Agile practices have always focused on people, after a period of two decades in which everyone focused on technology and tools. In the last two years, the size and nature of companies that are interested in agile practices has shifted from software development to service delivery or the production of goods that do not necessarily involve software as a product, but rather as a channel. This has shifted the need for agility to areas where it was not previously felt to be necessary (even though it is). However, the fact that, unlike what happened with software development practices, the agile movement has not involved people management, procurement, or organization design practices outside of development teams has slightly diluted the value proposition of agility. People expect results from the first adoptions. In reality, iterative and incremental practices are not a way of working, but rather a way of discovering how to work better. For example, how to review the organizational structure, access to information, and decision-making hierarchy to continue to thrive in a market that is changing radically and quickly.
What successful cases of agile transformations have you had the opportunity to observe that have particularly stood out to you?
Every agile transformation has its own unique characteristics and features, depending on the market context and corporate culture. I can cite two opposite approaches: a cautious approach that involves starting with pilot projects to test whether or not it is appropriate to adopt the practices on a large scale, and a massive approach (big bang) that involves a more or less long phase of planning and then launching several initiatives distributed across multiple teams, to which the rest of the organization is coordinated. The first approach has the advantage of an experimental approach, but very often conditions are created ad hoc for a pilot project that make it possible and that cannot always be recreated for all subsequent projects, so the momentum is lost. The second approach, almost always adopted by large companies such as banks or telecoms, has the advantage of understanding many aspects of a transformation, but it risks overestimating the need for specific practices or over-standardizing. It is important to consider the differences that each team or business area may need to have in the practices, in order to better adapt to the mix between customer, service, and type of value to be generated over time. In summary, each way has its positive and negative aspects, which however can be integrated. The important thing is to involve people in doing it.

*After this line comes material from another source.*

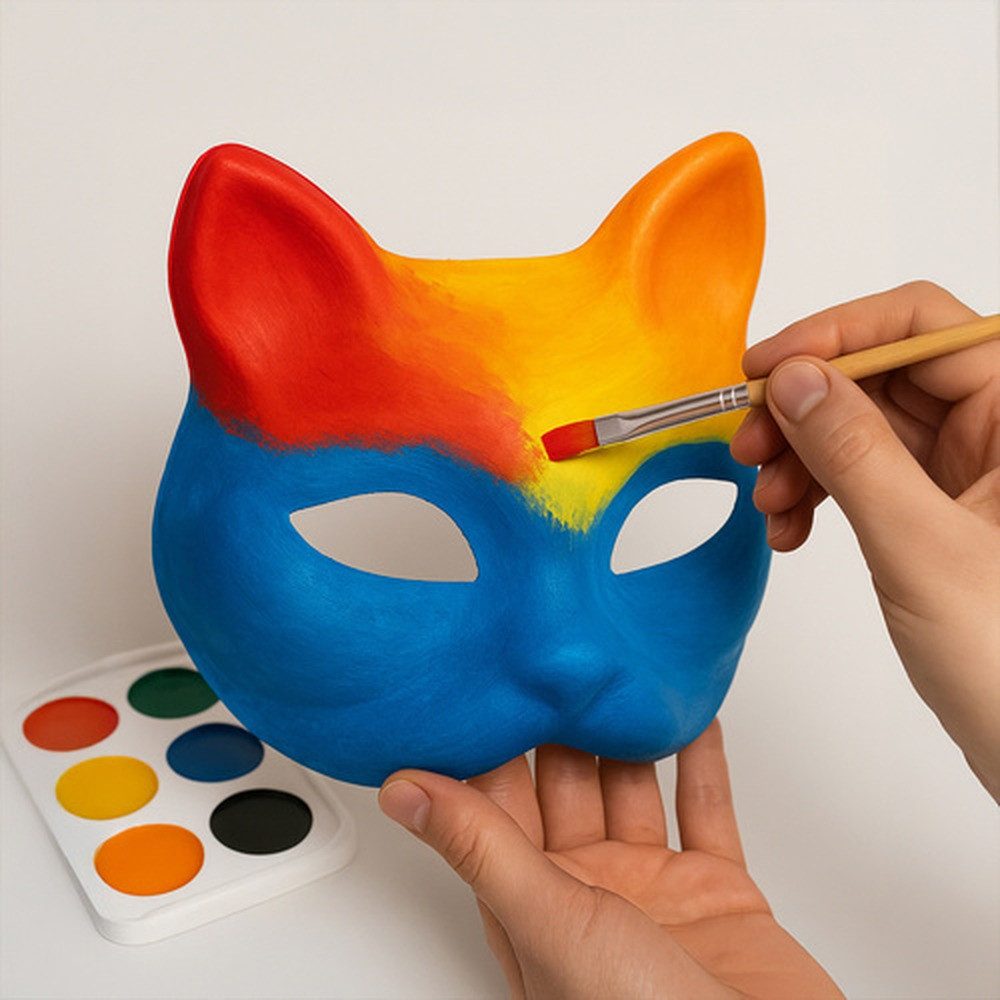 MAALEO Cat Mask DIY Face Mask (Value Pack, paint, decorate), Supports imagination and craft skills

Will agile practices continue to generate interest? What challenges do you see in the context of deploying these practices?
Agile practices will certainly continue to be relevant, evolving at the same time to adapt to how businesses are transforming (shorter timescales, cultural aspects of people engagement, remote working, supportive technologies). The challenges will probably involve returning to the basic principles of the manifesto, which can fundamentally guide any work practice, and integrating new decision-making tools (AI, data) that transform the way a team member can contribute to the success of their team's project.
I strongly believe it is very important to remember that agility is a way to collaboratively find the best ways to work, without taking on too much risk during the execution. For example, hoping to become faster right away is wrong: speed (such as a shorter time to market) is achieved after understanding how to involve the customer, stakeholders, and team in making better decisions and building products that are more ready for future evolutions. Similarly, it is important to avoid the mistake of considering Scrum (or agile scaling frameworks) as a ready-made recipe: each company needs to start with a model and then measure the effectiveness and map the impediments, evolving their way of working accordingly in an iterative, incremental, and more transparent way.